__TASK STATEMENT__
Give back exactly the lines that start at the one containing "Vintage Kleine Hart" and run to the end of the material, leaving out the pictures.

__DATA EXTRACTS__
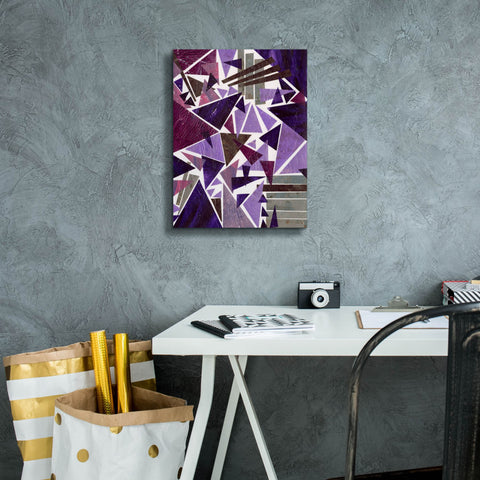 Image of 'Purple Dream II' by Regina Moore, Canvas Wall Art,12 x 16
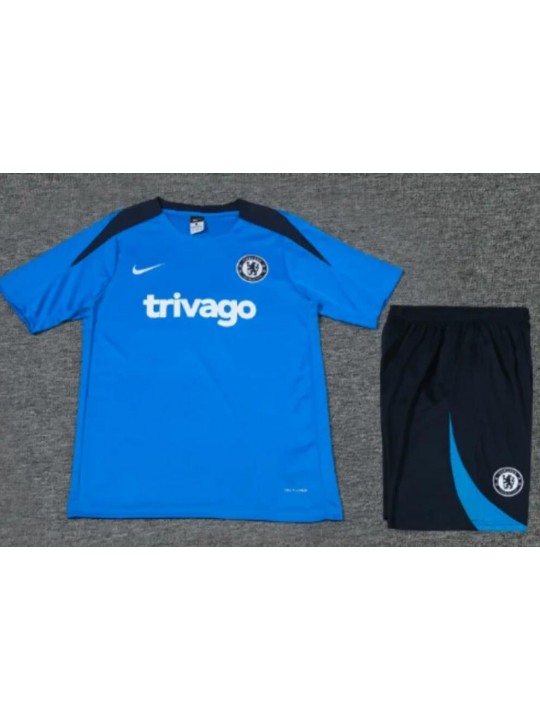 Camiseta Chelsea FC Pre-Match 24/25 + Pantalones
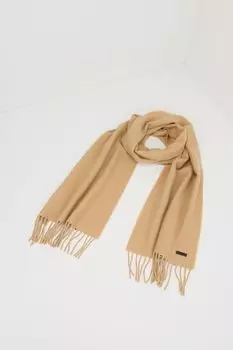 Шарф шерстяной с бахромой BOSS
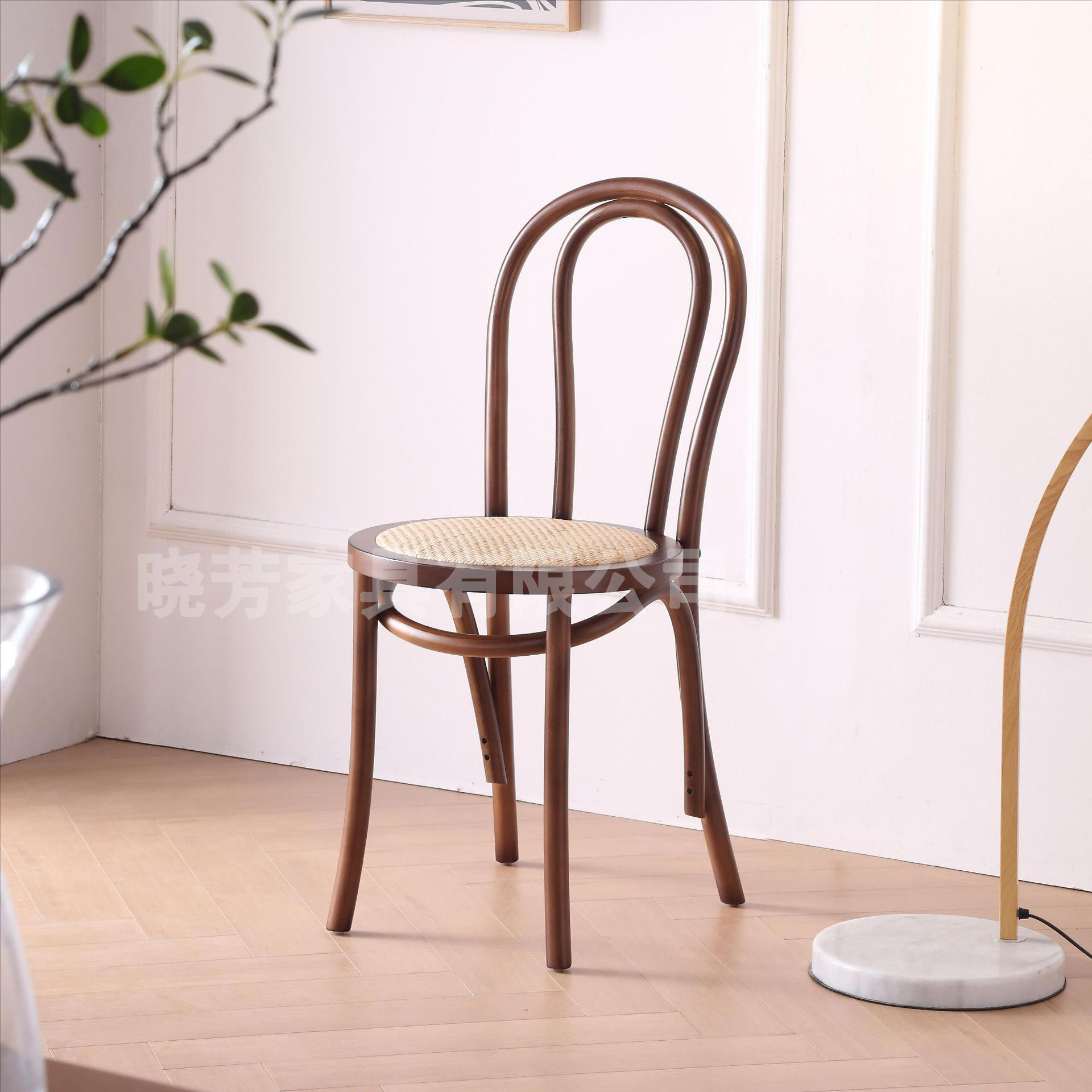 Обеденный стул, ретро стул из массива дерева, домашний средневековый стул из ротанга, мебель для ресторана
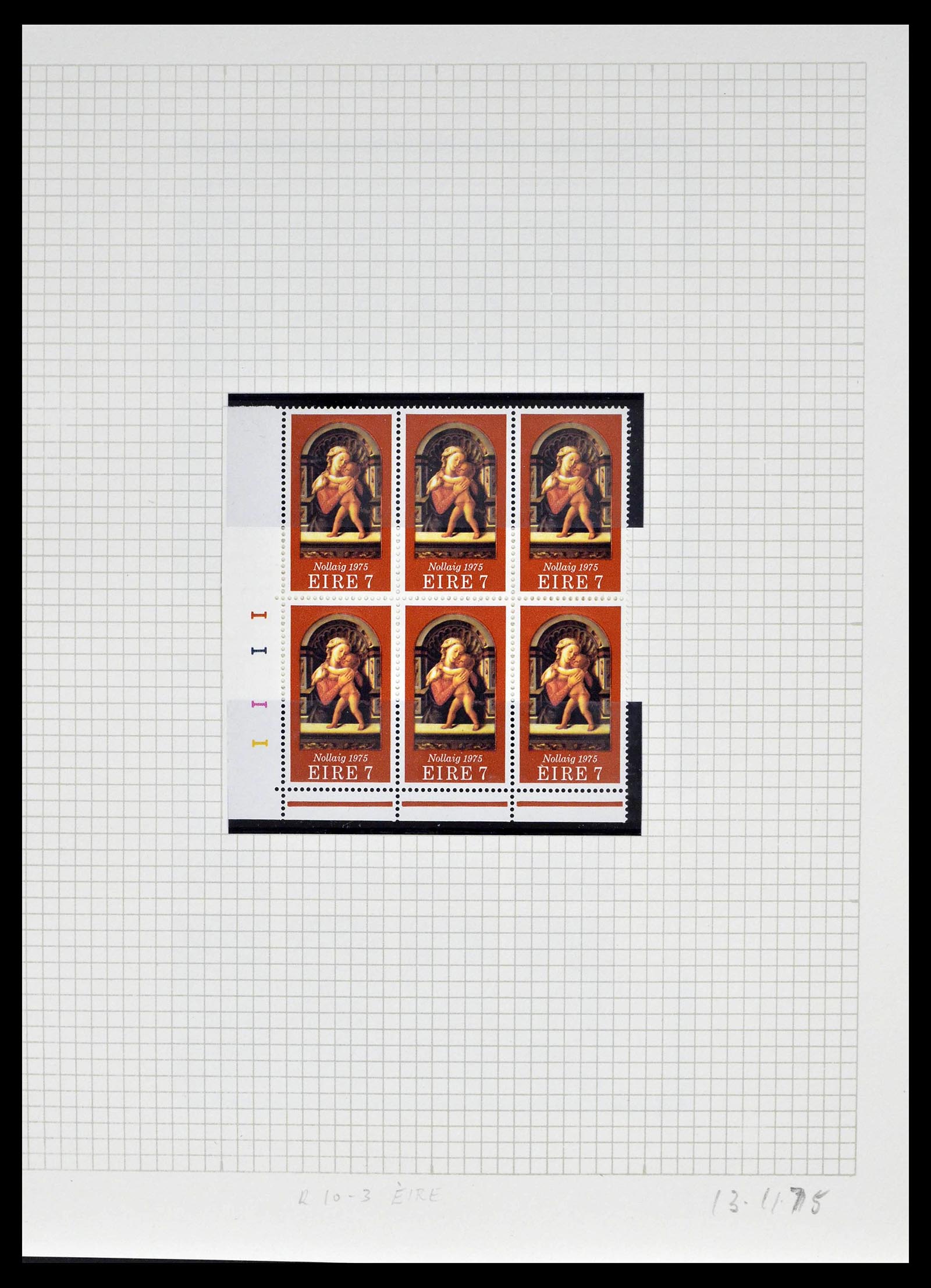39272 0053 - Postzegelverzameling 39272 Ierland plaatfouten en variëteiten 1963-19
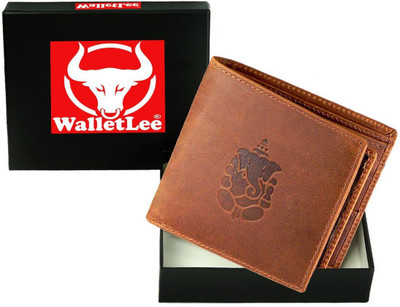 

WalletLee Men Brown Genuine Leather Wallet(8 Card Slots)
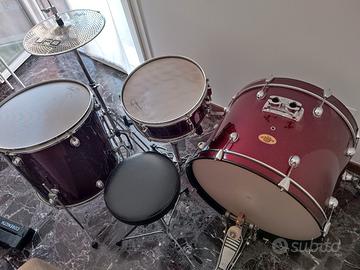 batteria Pearl target da studio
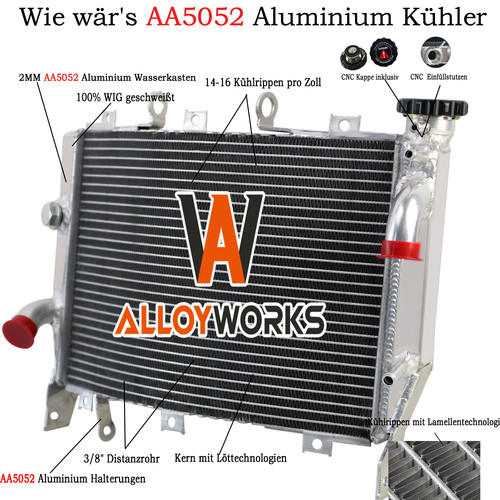 Radiatore alluminio nuovo per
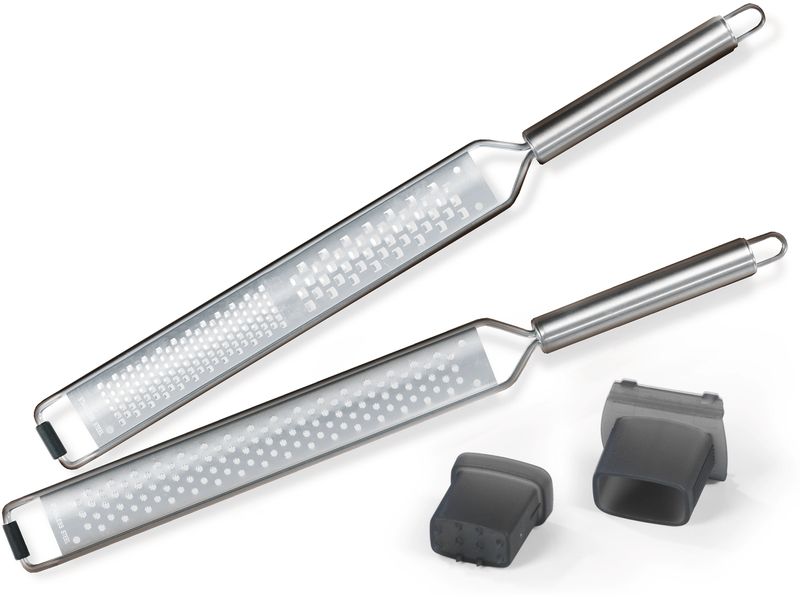 MAXXmee Käsereibe 2 Stück, Silber Reibe-Set für Käse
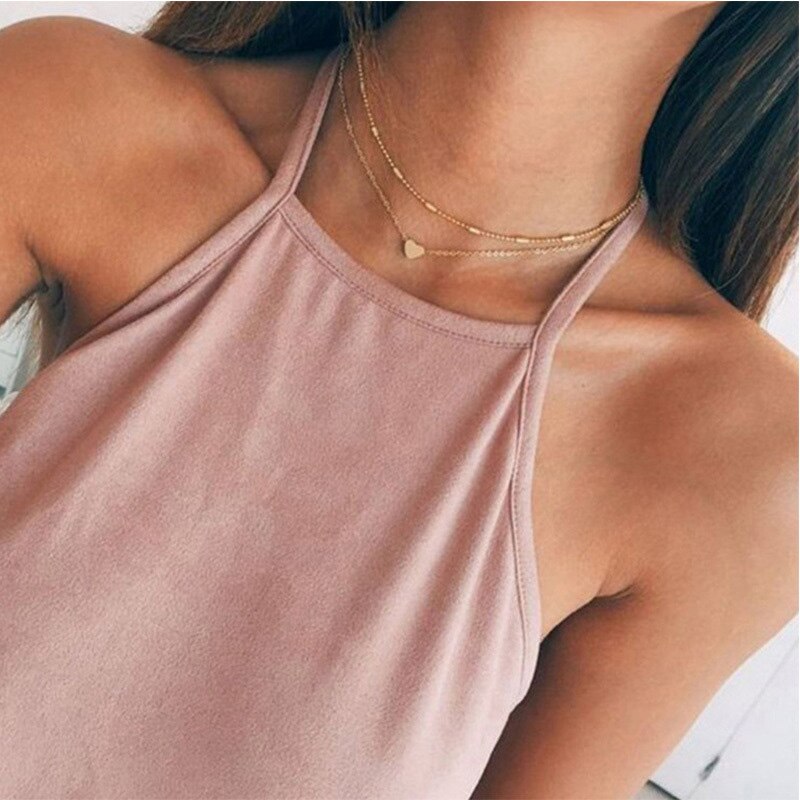 Vintage Kleine Hart Ketting voor Vrouwen KORTE Ketting Hart Sleutel Hanger Ketting Etnische Bohemian Choker Ketting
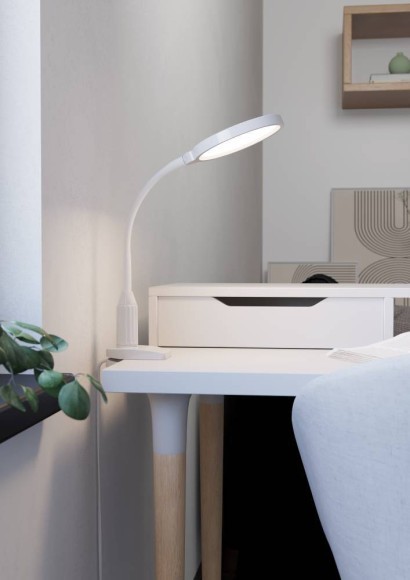 902177 LAURO Светодиодный светильник на прищепке с регулировкой цветовой температуры 2700K-6500K, диммируемый, с выключателем, 5.5Вт, 600Лм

__SOLUTION BELOW__
 Vintage Kleine Hart Ketting voor Vrouwen KORTE Ketting Hart Sleutel Hanger Ketting Etnische Bohemian Choker Ketting
 902177 LAURO Светодиодный светильник на прищепке с регулировкой цветовой температуры 2700K-6500K, диммируемый, с выключателем, 5.5Вт, 600Лм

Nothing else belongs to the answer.